* Directions for this task: Verbatim repeat, images excluded. Give each entry again as written.

* Task inputs:

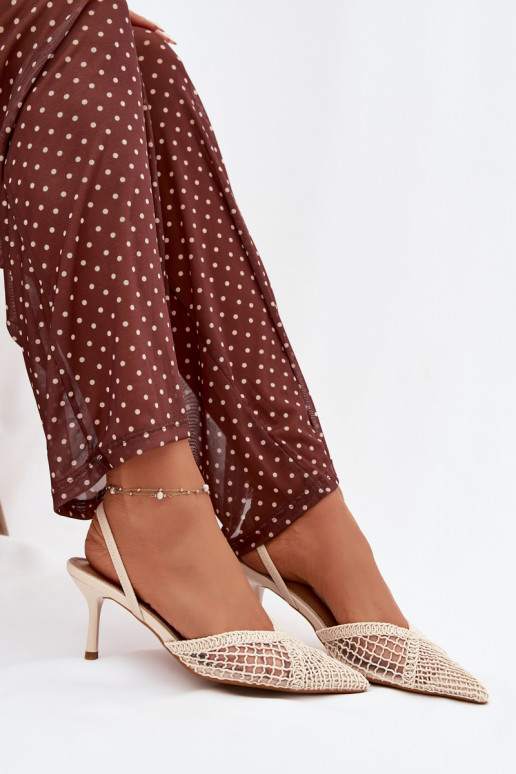 Dramblio kaulo spalvos „Hanelis" basutės su ažūro elementais ir plonais kulniukais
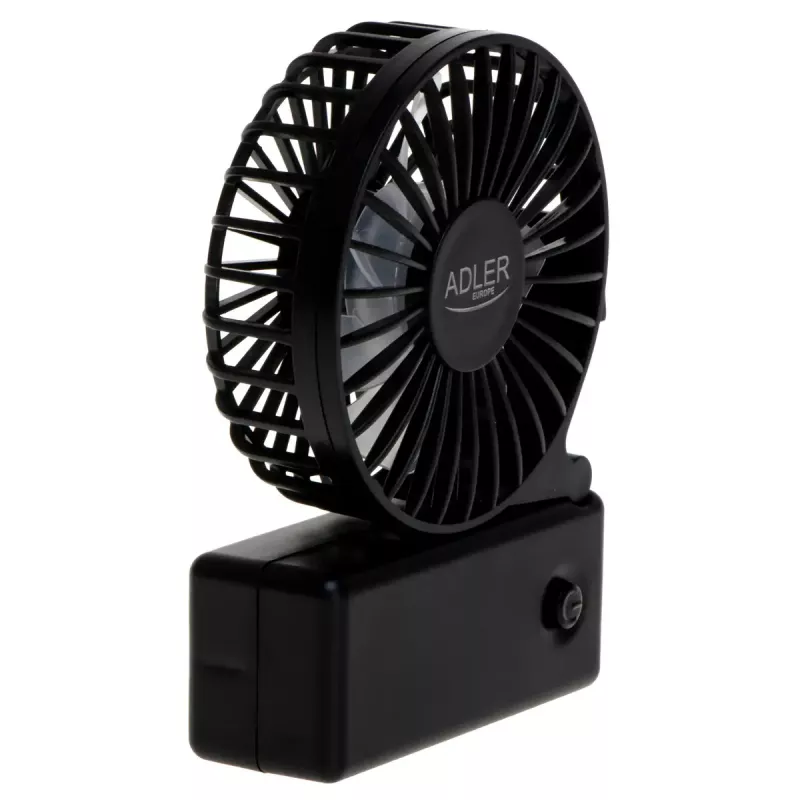 Ventilatore da tavolo Adler AD 7336 – mini ventilatore pieghevole, 6,5 cm di diametro, 1 velocità, nero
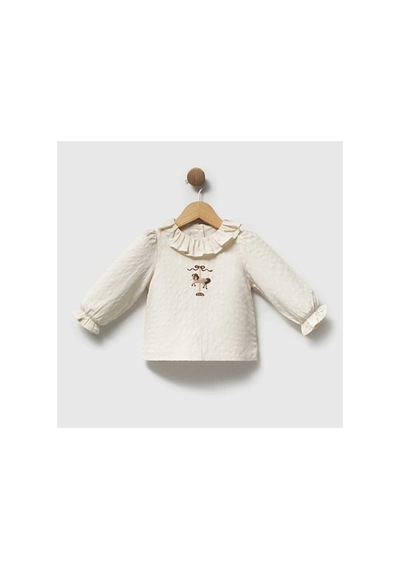 Ministok Charlotte Carousel Nakışlı Triko Hırka, Blüz, Şortlu 3'lü Kız Beb Bej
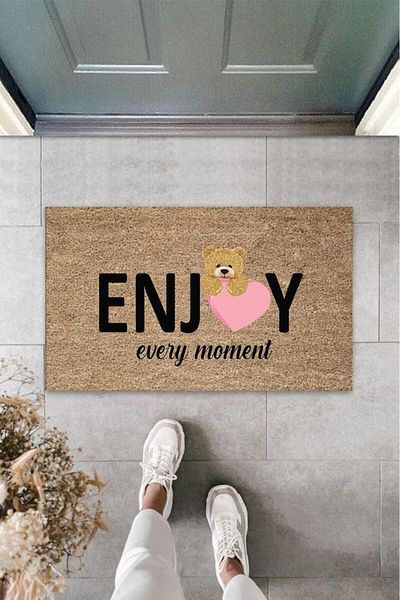 Lasirius Beige Door Mat Enjoy Ever Moment Teddy Bear Pattern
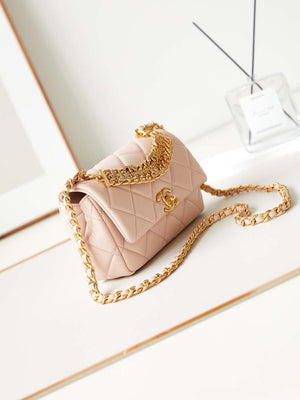 Chanel AS4595 MINI FLAP BAG Metallic Calfskin Diamante & Gold-Tone Metal Light Pink - Default Title - View 2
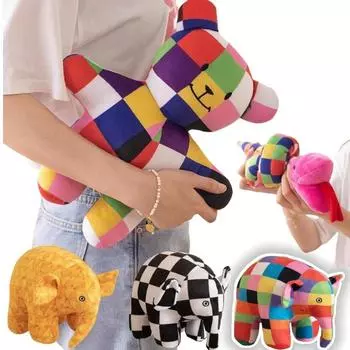 Милая аниме-фигурка слона Элмера, плюшевая игрушка, плюшевый мультяшный медведь, змея, куклы, мягкие животные, подушка для детей, рождественские подарки на Хэллоуин see choice option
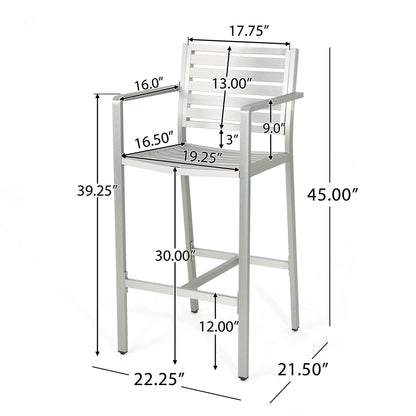 Outdoor Aluminum Rust Proof Barstools (Set of 2) - Silver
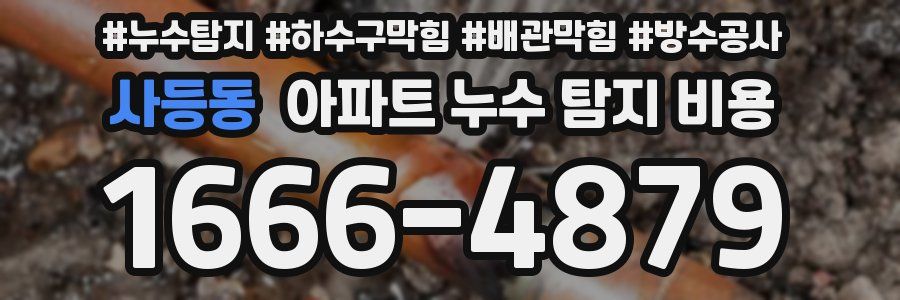 사등동 아파트 누수 탐지 비용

* Solution to this problem:
 Dramblio kaulo spalvos „Hanelis" basutės su ažūro elementais ir plonais kulniukais
 Ventilatore da tavolo Adler AD 7336 – mini ventilatore pieghevole, 6,5 cm di diametro, 1 velocità, nero
 Ministok Charlotte Carousel Nakışlı Triko Hırka, Blüz, Şortlu 3'lü Kız Beb Bej
 Lasirius Beige Door Mat Enjoy Ever Moment Teddy Bear Pattern
 Chanel AS4595 MINI FLAP BAG Metallic Calfskin Diamante & Gold-Tone Metal Light Pink - Default Title - View 2
 Милая аниме-фигурка слона Элмера, плюшевая игрушка, плюшевый мультяшный медведь, змея, куклы, мягкие животные, подушка для детей, рождественские подарки на Хэллоуин see choice option
 Outdoor Aluminum Rust Proof Barstools (Set of 2) - Silver
 사등동 아파트 누수 탐지 비용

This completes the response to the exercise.